Great Expectations is about the gap between who you are and who you want to be, and what it costs to close it. Pip is an orphan blacksmith's apprentice who is given money by an anonymous benefactor and sent to London to become a gentleman. He acquires the manners and the accent and the contempt for his origins — and then discovers that the source of his fortune is not who he assumed, that the life he was climbing toward was built on a convict's gratitude, and that he has spent years being ashamed of the people who actually loved him. It is Dickens's most psychologically honest novel, the one where the hero's aspirations are most thoroughly examined and found wanting.
Which Dickens novel should I read after Great Expectations?
David Copperfield is the natural next step — it is the novel Dickens considered his favourite, more autobiographical than Great Expectations, and similarly structured around an orphan's rise through London society. Bleak House is more ambitious in scope, with its brilliant portrait of the legal system as a machine for consuming lives, and it contains some of Dickens's most memorable characters. Little Dorrit shares Great Expectations' interest in imprisonment — literal and psychological — and is darker than either. If you want to stay with the theme of class and aspiration, Our Mutual Friend, his last completed novel, is the most cynical about what money does to people.
Is the ending of Great Expectations happy or sad?

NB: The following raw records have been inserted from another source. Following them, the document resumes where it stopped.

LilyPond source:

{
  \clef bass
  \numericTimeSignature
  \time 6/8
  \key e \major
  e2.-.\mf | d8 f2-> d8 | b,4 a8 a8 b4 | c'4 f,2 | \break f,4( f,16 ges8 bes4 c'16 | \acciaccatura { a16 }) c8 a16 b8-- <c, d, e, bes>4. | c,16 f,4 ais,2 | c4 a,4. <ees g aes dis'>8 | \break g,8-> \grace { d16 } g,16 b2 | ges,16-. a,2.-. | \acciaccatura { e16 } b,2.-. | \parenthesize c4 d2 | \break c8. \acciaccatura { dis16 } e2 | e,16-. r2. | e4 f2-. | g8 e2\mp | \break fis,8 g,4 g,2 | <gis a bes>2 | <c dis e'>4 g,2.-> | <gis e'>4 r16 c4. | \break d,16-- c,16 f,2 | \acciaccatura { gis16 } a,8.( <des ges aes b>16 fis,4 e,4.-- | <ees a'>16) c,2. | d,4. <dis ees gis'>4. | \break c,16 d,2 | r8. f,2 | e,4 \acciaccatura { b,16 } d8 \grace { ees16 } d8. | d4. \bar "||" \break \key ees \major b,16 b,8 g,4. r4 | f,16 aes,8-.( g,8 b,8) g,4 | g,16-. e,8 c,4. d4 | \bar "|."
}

Dickens wrote two endings, and both are ambiguous. The original ending has Pip and Estella meet years later, both diminished, and part in a way that suggests they will not be together. The revised ending, published at the suggestion of a friend, has them leave the ruins of Satis House together in a manner that implies reunion — but Dickens writes it with enough qualification that many readers and critics refuse to read it as a happy ending. The important point is that either ending requires Pip to have given up the great expectations of the title, and that Estella's suffering under her upbringing mirrors his own. Whatever happiness is available to them is the happiness of people who have learned something difficult.